Malware and spam developers understand that the easiest way to lure a user into clicking on a link, opening a file attachment, or reading a message is to target hot topics that those users are already interested in and discussing around the proverbial water cooler. AppRiver, a provider of e-mail and Web security solutions, has compiled a report based on the first half of 2010 analyzing the current threat from malware and spam, and highlighting the opportunistic nature of the attacks.
In general, people are good. They want to contribute, and offer support in a crisis to help their fellow man. Sadly--and ironically--nobody understands the altruism and caring of the population better than the minority that would rather exploit it and capitalize on events for a quick profit.
One of the easiest targets for spam and malware is natural disasters. When events like the earthquakes in Haiti and Chile, or the massive volcano eruption in Iceland capture the headlines, people are curious about the details and anxious to offer support in any way they can. In the wake of such disasters, users are very likely to click on and respond to invitations that seem even remotely legitimate.
AppRiver reports that within days of such events malware and spam threats begin to rise. AppRiver found 419 phishing scams purporting to be charities seeking donations for natural disaster victims, as well as attackers using spam and Web links targeted at keywords related to the disaster to siphon money and spread malware.
Unless you consider the noise pollution of the vuvuzelas, the FIFA 2010 World Cup tournament is not a natural disaster.
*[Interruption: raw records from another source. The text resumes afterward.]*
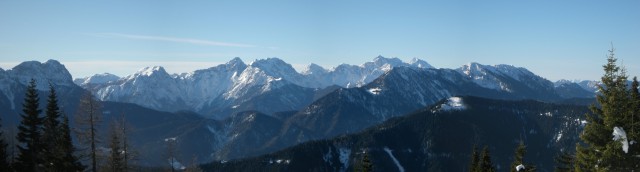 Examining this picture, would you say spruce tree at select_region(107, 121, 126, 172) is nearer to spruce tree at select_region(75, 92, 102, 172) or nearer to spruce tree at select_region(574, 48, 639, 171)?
spruce tree at select_region(75, 92, 102, 172)

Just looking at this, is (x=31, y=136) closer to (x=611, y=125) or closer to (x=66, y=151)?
(x=66, y=151)

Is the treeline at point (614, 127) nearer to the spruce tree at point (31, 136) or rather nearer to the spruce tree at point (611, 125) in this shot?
the spruce tree at point (611, 125)

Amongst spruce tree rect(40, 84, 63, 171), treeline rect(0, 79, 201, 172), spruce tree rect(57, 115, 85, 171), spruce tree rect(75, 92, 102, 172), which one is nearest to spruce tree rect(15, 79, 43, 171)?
treeline rect(0, 79, 201, 172)

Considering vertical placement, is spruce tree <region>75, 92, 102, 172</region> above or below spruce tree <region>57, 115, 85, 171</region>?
above

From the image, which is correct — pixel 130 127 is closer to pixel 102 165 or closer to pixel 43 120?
pixel 102 165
Still, a global event focused on the most popular sport in the world (outside of the bubble of the United States at least), with an expected audience of 30 billion is simply too enticing for malware developers to pass up. Fans eager to follow the spectacle are gullible targets for World Cup-themed attacks.
Another popular theme that attackers appear to have targeted is global warming. Everyone else is "going green", so why not malware? Attackers launched a spear phishing campaign targeted at companies involved in cap and trade programs to steal carbon credits. It is estimated that attackers stole as many as 250,000 carbon credits valued around $4 million.
The AppRiver report explains "The emails pretended to be from the German Emissions Trading Authority who is responsible for handling the implementation of emissions trading as per the Kyoto Protocol. Recipients were told that they needed to re-register their accounts with the Agency and when they did, the attackers gained complete access to these accounts."
One thing seems consistent throughout the AppRiver report: attackers are opportunistic. Whether its natural disasters, global sporting events, tax time, or the death of a celebrity, attackers will take advantage of current events to greatly increase their odds of success.
Obviously, companies should have security measures in place to identify malware threats, weed out unwanted spam e-mail, and generally guard against cyber attacks. But, IT administrators should also be aware of breaking news, and prepared to be more vigilant in detecting and blocking threats related to major events.